Inbound/Outbound SMS & DLR Deliverability Outage
Incident Report for TSG Global
Postmortem

Hi there,

First and foremost, we apologize for the message deliverability issues experienced by SMS customers on September 29th, 2022 beginning around 3:15 PM PST. We understand message deliverability is an important aspect of many of our customer’s applications, and that every lost message, or minute of unavailability, impacts your business. Below is our postmortem from the Event, and our Remediation Plan / Action Items that we plan to take in order to prevent this particular issue from happening again.

If you have any questions about the below postmortem, or would like more details, please email the team at: support@tsgglobal.com

Overview

From about 3:10 PM PST to 5:51 PM PST on Thursday, September 29th, 2022, there was an outage related to our SMS stack that impacted the transporting of both inbound and outbound SMS messages, as well as delivery receipts (DLRs). The root cause was due to the crashing (and unfortunate subsequent crash/reboot/crash cycles) of what we dub our “Nimbus” pipe that handles all SMS messages. MMS messages and voice services are handled via a separate pipe/system, and were unaffected.

We use a Kubernetes-based architecture, and usually a crashed pod/application is able to recover without any human intervention, and so we need to investigate why that was not the case in this instance.

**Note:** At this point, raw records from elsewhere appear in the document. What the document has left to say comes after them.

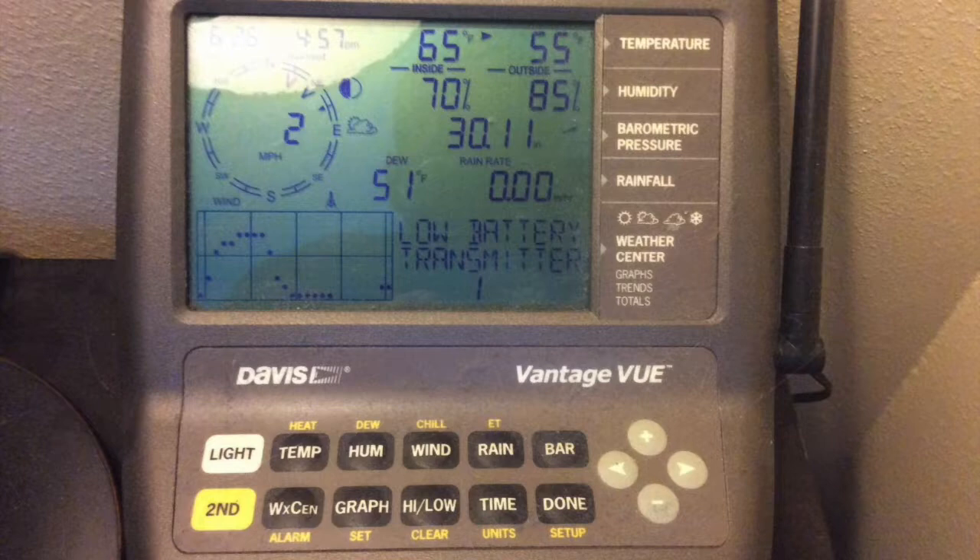The receiver unit — the LCD screen that you put in your house — has a nice range on it too. It can be used up to a thousand feet away from the actual sensor suite, and it really works well with very accurate readings and lots of data. It can also log all this data for a long period of time, which is nice.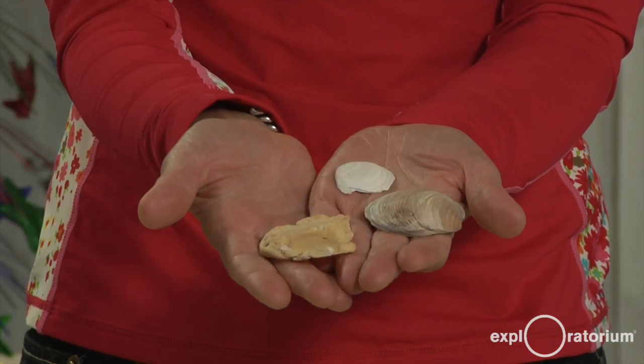And today, I want to show you how our climate is changing the lives of organisms like these that live in the ocean. So we're going to model climate change in the ocean in a cup of water — let's see what it feels like.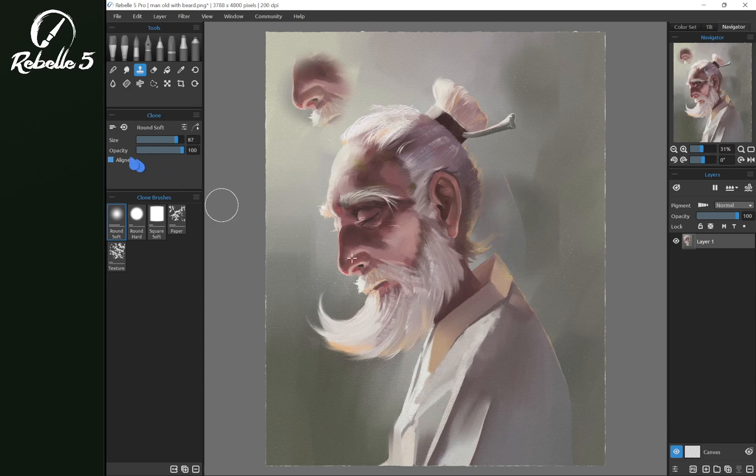Now if we tap Alt again, we uncheck aligned. And we paint here, over here, and over here. When it's unaligned, it chooses that same target — that same pin location that we did in the very beginning.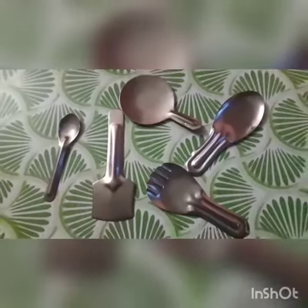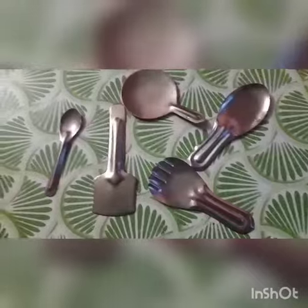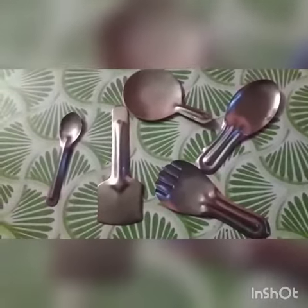Hey guys, welcome back to my channel Shiptika Creations. In this video we are going to see Mini Aikshri Cooking Set Review. Let's get started.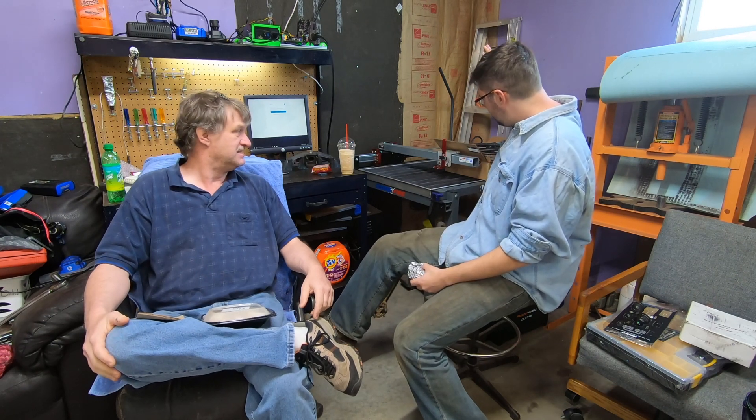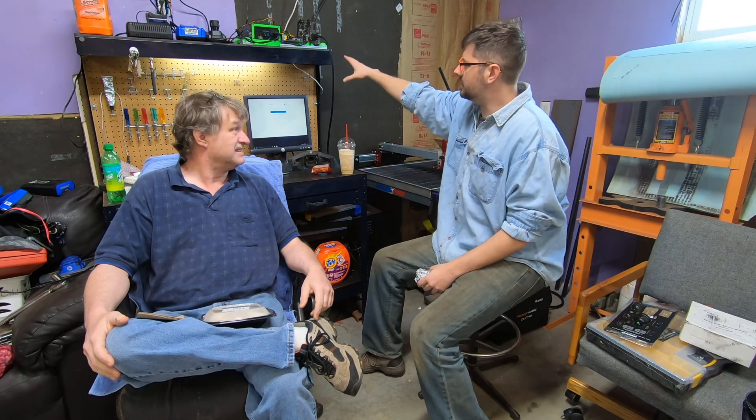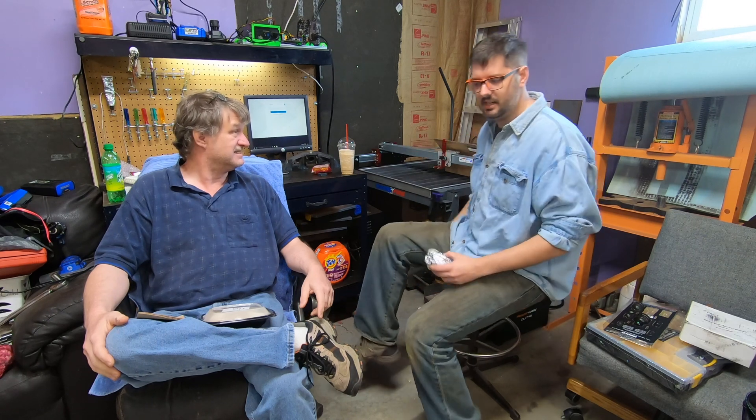This episode is going to be about completing the CNC plasma cutting table. There's the computer for it. We're still kind of setting up the software. We need to break this in and everything. I bought it, and he's going to be the one designing and using it, and hopefully we can get stuff cut.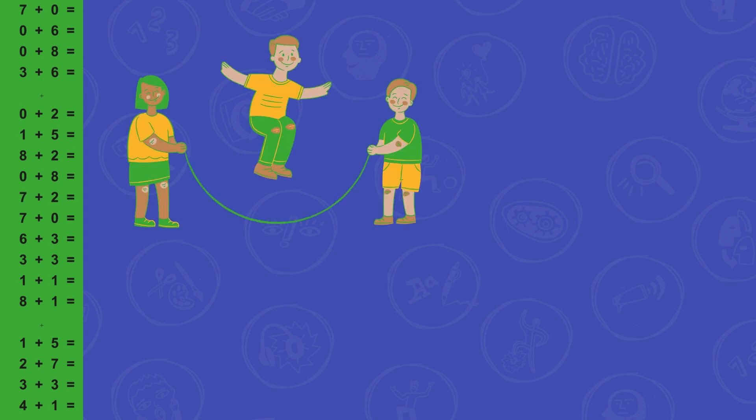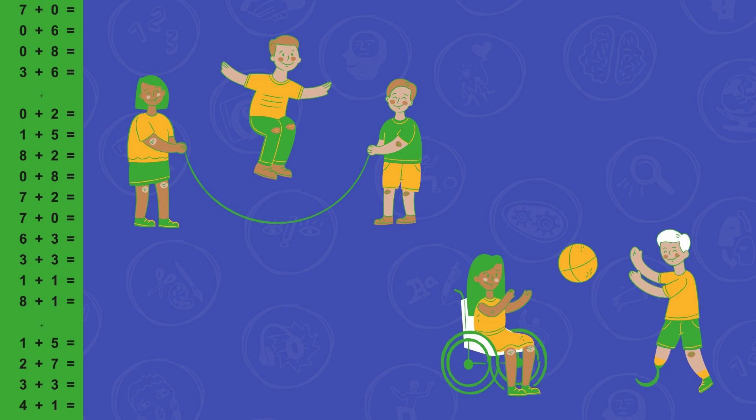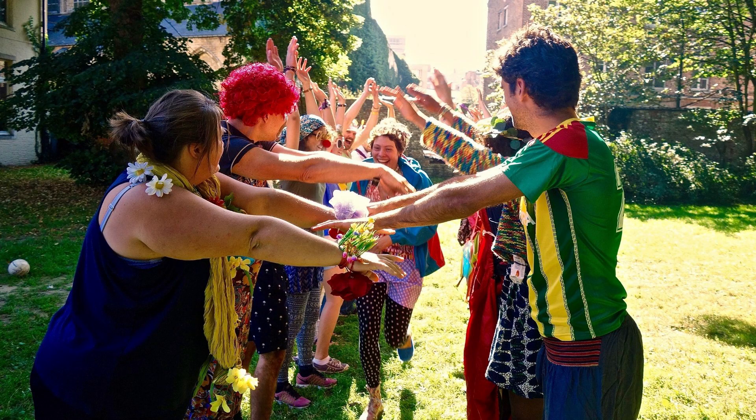Another thing you can do is combine the Street Smart Wheels panels with other games that children like to play. Instead of saying or writing what 2 plus 0 is, the children can jump two times in a jump rope or throw two times with a ball — and just like that, you've turned this panel into an amusing active game. So let your creative juices flow and have fun!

After several attempts to get the service to reboot manually, and attempting to disable several other applications that may have been a possible catalyst for the Event, we discovered that this particular instance had some legacy code relating to how this particular pod was mounted and configured. We implemented a quick fix by stripping these legacy boot requirements, deploying a new version, and the pod was able to boot normally and resume traffic.

What Exactly Happened

At 3:10 PM PST several automated alarms (Prometheus/Grafana feeding into PagerDuty/Slack) were triggered notifying TSG Global staff that there was an issue with our SMS service (specifically, that a K8s pod was not healthy, followed by alarms that queues were getting larger and not emptying appropriately). TSG Global technical staff quickly began investigating the issue. We attempted to reboot the pod / make it healthy, but the pod continued to crash and not be available. We attempted to disable several other applications associated with the Nimbus pipe that we suspected may be playing a role in our errors, ruled out any external/vendor issues, attempted to roll-back to several older versions of the application, rebooted the queue - and we were still experiencing crashes. We then needed to dig into some legacy code associated with the application. Our “Nimbus” pipe is an application that is deployed as a singleton stateful set (STS) in Kubernetes (K8s). Again, the core issue is that it was crashing and failed to boot continuously. After additional review, we found that this particular STS was configured to mount the disk in 'ReadWriteOnce' mode, meaning only one K8s pod can access the disk at the same time. As a result, when the old pod (which crashed) did not release the disk correctly (which is still being investigated), when the new pod spawned, it was continuously unable to mount it and access the necessary data from the disk.

Resolution

Since the data read from the disk is not critical for normal operation, there was a quick fix published/deployed that omitted reading data from the disk on boot, which enabled the application to boot successfully without accessing the disk. Once the “Nimbus” pipe was booted properly, SMS messaging and DLRs resumed flowing as normal (and some queued messages were delivered in a “burst” of traffic immediately upon revival of the service).

Root Cause

The “Nimbus” application was unable to read data from the mounted disk because disk was not properly released by the previous instance that crashed. Crashing is something that can always happen, but resources should be released and not left attached to a “zombie” instance that did not shutdown completely - thereby preventing a new healthy instance from spawning and booting appropriately.

Impact

  • Sending outbound SMS messages was delayed for all clients during the outage period
  • Receiving inbound SMS messages and DLRs was delayed for all clients during the outage period
  • While attempting to troubleshoot and resolve issues, one group of inbound (MO) messages was intentionally dropped from the queues and were never delivered. However, clients can access those messages in the TSG system via API since those were stored in our databases.

What Went Well

  • Pre-programmed alerts in Slack/via PagerDuty went off immediately as a result of the Event, and on-call staff quickly notified relevant parties immediately of the severity level so that we could work towards resolution.
  • Investigation and work towards resolving the issue started within minutes after the Event first being triggered.

What Did Not Go So well

  • Determining the root cause took much longer than we wanted it to.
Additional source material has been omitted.